Climate policies bite poor consumers and frustrate politicians without much wider impact
I just purchased “free airmiles” tickets to the UK for my wife, our two children, and myself. These free tickets actually cost over $2,000. The vast majority of this money is for European climate levies.
The cost made me think about climate energy and tax policies (due to Brexit, the pound is near its 20-year low against the dollar, so these costs are lower than normal). Unfortunately, I have no positive conclusions, just reflections.
Twenty-six years ago I co-wrote “Global Warming: Apocalypse or Hot Air?, a pamphlet for the UK’s Institute of Economic Affairs. I took to heart the following HL Mencken quote: “The whole aim of practical politics is to keep the populace alarmed (and hence clamorous to be led to safety) by menacing it with an endless series of hobgoblins, all of them imaginary.”
While the basic science was obvious and I didn’t think the greenhouse effect was a hobgoblin, I didn’t believe the forecasts of rapid warming. And, more importantly, I believed — and still do — that all sorts of odious actors wanted to use climate change to drive their own dangerous policies. Warming, and harm from it, seems more likely now, but the political economy surrounding the issue has, if anything, become more difficult, especially in US.
Carbon taxes are an option: they lower demand for energy-intensive activity without harming the economy, as long as they are largely matched by reductions in other taxes (such as on employment). But by and large such levies are not offset with lower taxes elsewhere because government officials always want more revenue to spend. After all, perhaps the most important part of increasing the cost of carbon is assisting the innovation that will resolve climate change’s worst problems.
Nevertheless, this course of action imposes costs on voters, and that’s what makes the politics of this issue so difficult. As such, policy centrists are unlikely to favor massive carbon tax rates. And when such policies are proposed, a tipping point is sometimes reached where politicians have to back down.

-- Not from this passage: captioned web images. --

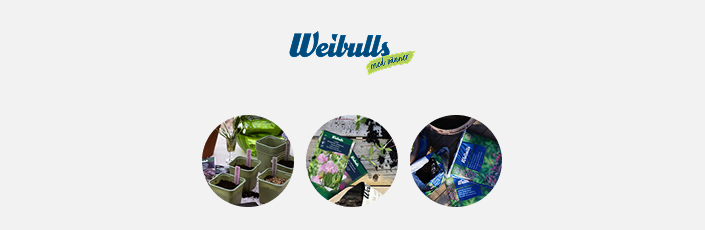 Weibulls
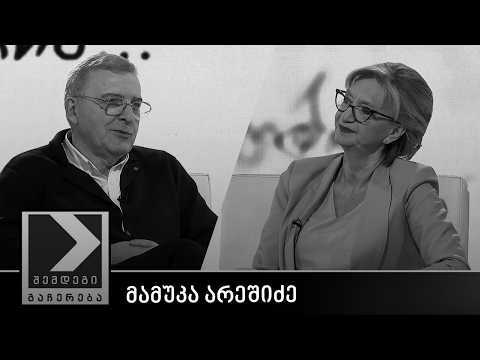 შემდეგი გაჩერება - მამუკა არეშიძე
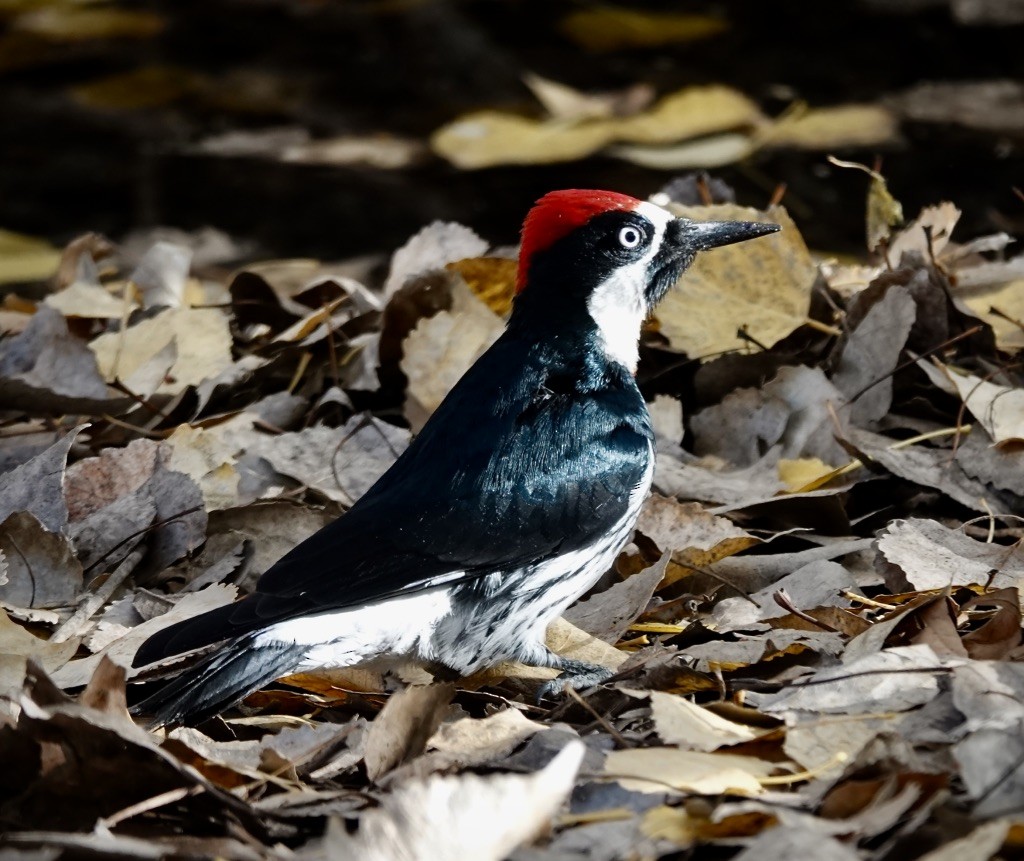 ドングリキツツキ（formicivorus グループ） - ML646703683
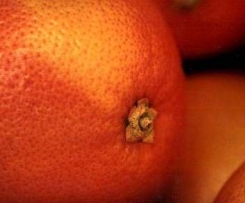 Orangen-Vinaigrette zu Blattsalat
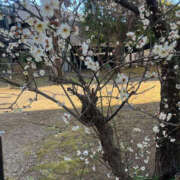 ヒメ日記 2025/02/14 13:55 投稿 まい 性腺熟女100％（デリヘル市場）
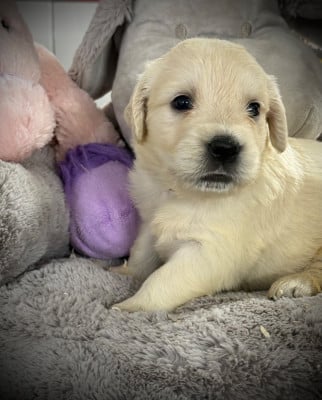 Les chiots de Golden Retriever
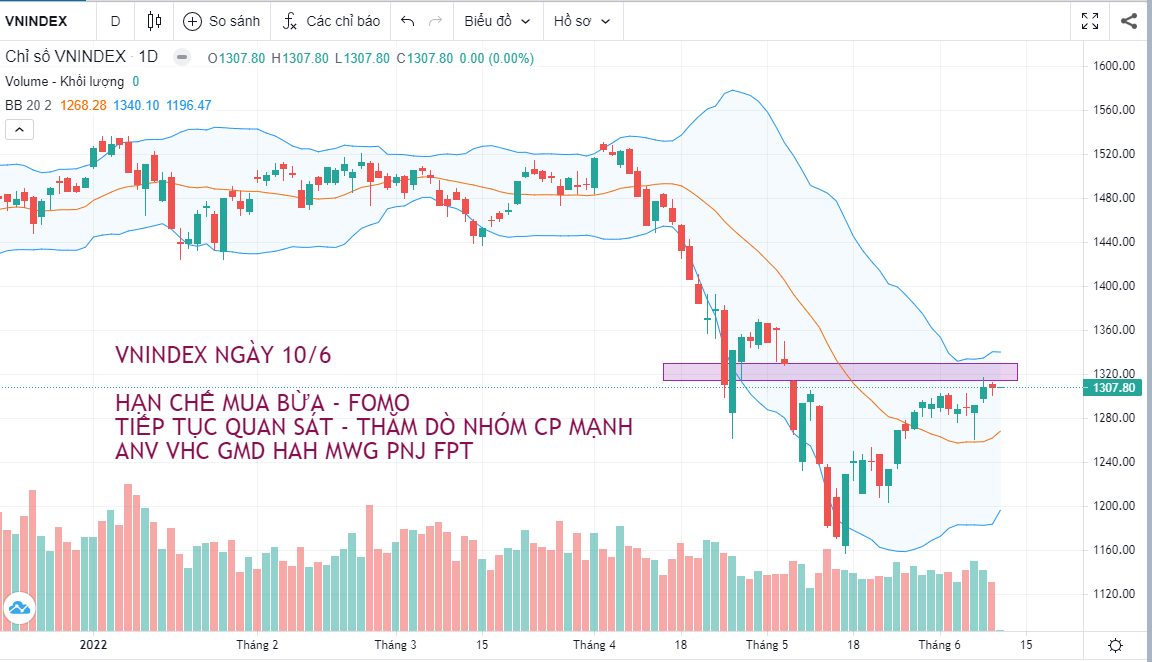 BẢN TIN THỊ TRƯỜNG NGÀY 10/6:TEST 1300 - INDEX PHÂN HOÁ. Thị trường có phiên giao dịch biến động hẹp  ...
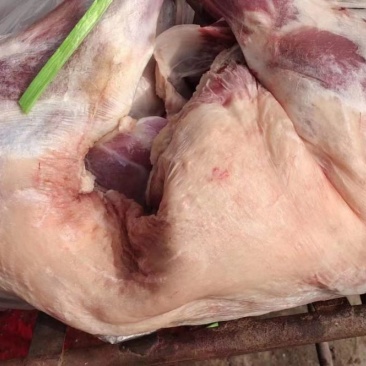 烤全羊8-15近山羊肉每天现杀纯干无水全国配送
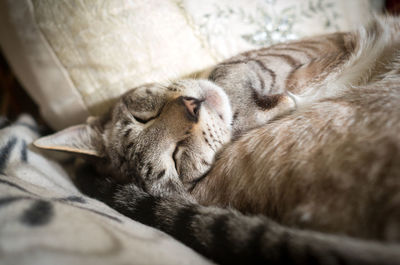 Close-up of cat sleeping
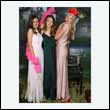 phoenix_0837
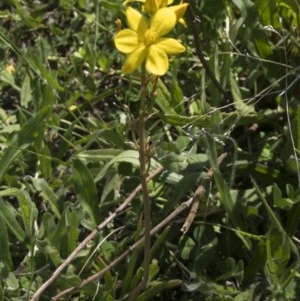 Bulbine bulbosa at Michelago, NSW - 22 Oct 2020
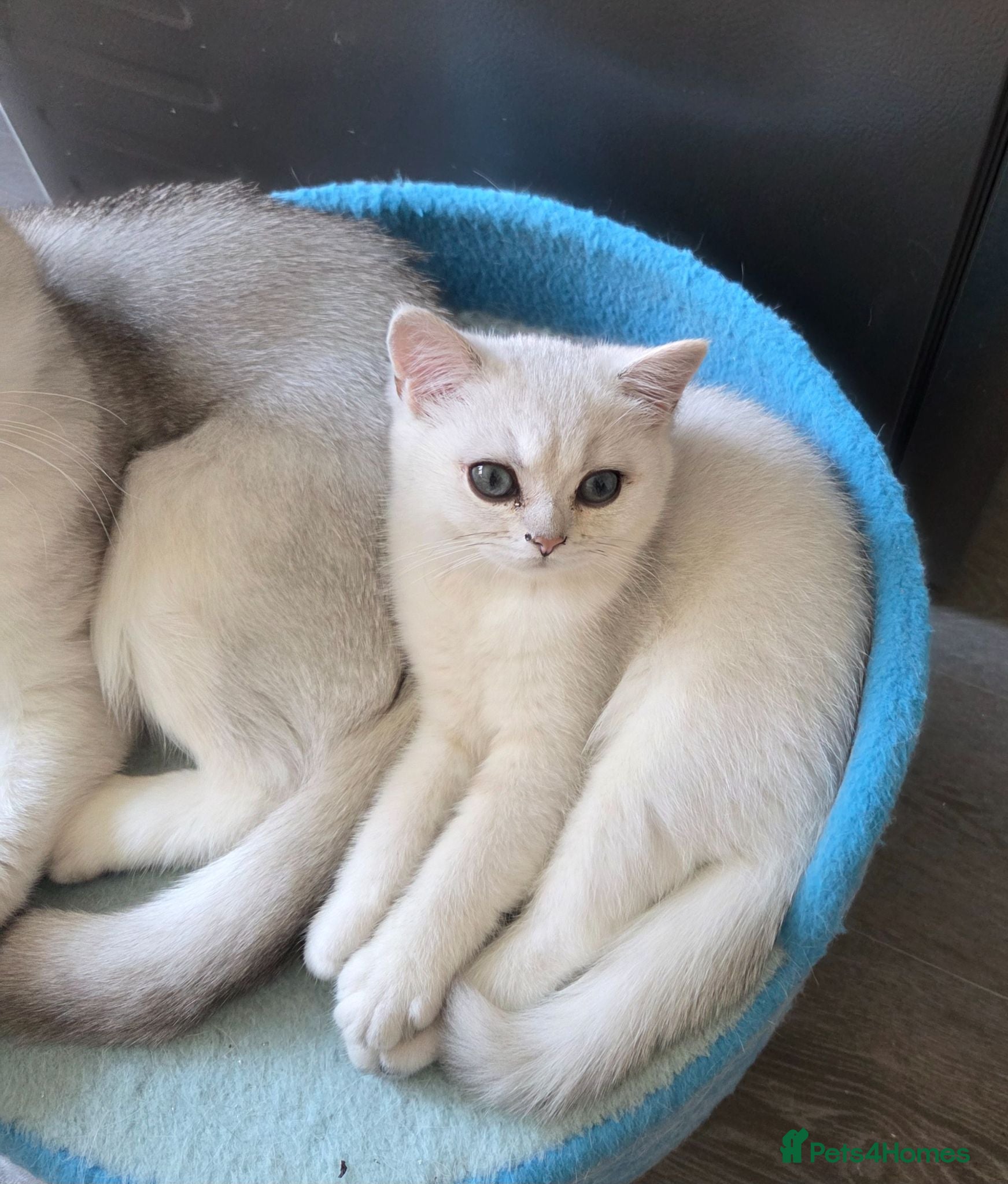 British Shorthair cats 🐱 British Shorthair Kittens for Sale 🐱 - Advert 5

In the US, carbon taxes are so disliked that most of the policies that climate-driven politicians push — including many Democratic presidential candidates — are targeted on businesses, as though consumers can be protected from them. Al Gore certainly had it right in 1992 when he talked about requiring society to accept a “wrenching transformation” if we really wanted to combat carbon use. The tax rates required to actually limit carbon use would be very high: filling up your car could cost $600 to $1,000, and heating or cooling your modest home could require $2000 or $3000 every month.
Even then, the middle class would adapt to such costs by limiting growth in energy use as Europeans have done for years. In many EU countries, it costs upwards of $140 to fill up a large car (in the UK taxes on gas are over 80% of the total price), but Europeans have shorter distances to travel, live in more densely populated areas and are more likely to be able to use public transport systems, some of which are more energy efficient. Nevertheless, energy use and carbon emissions are rising in EU.
With 2.5 billion aspiring Indians and Chinese currently using perhaps 10 percent of the energy we use, emissions in Asia are likely to grow rapidly. Maybe we’ll reach a tipping point when it will be hard to reverse damage from climate change, but ironically, only after a major catastrophe related to climate change will the politics change and significant hikes in carbon cost made politically viable. And probably only then will China and India agree to limit their carbon use.
Until then, modest changes in carbon tax rates have little impact on richer consumers (most Brits have adapted to higher gas prices). But there is little doubt that EU tax rates, including on energy, have slowed its economies and hit the poor most. As such we are probably close to current limits of carbon taxes.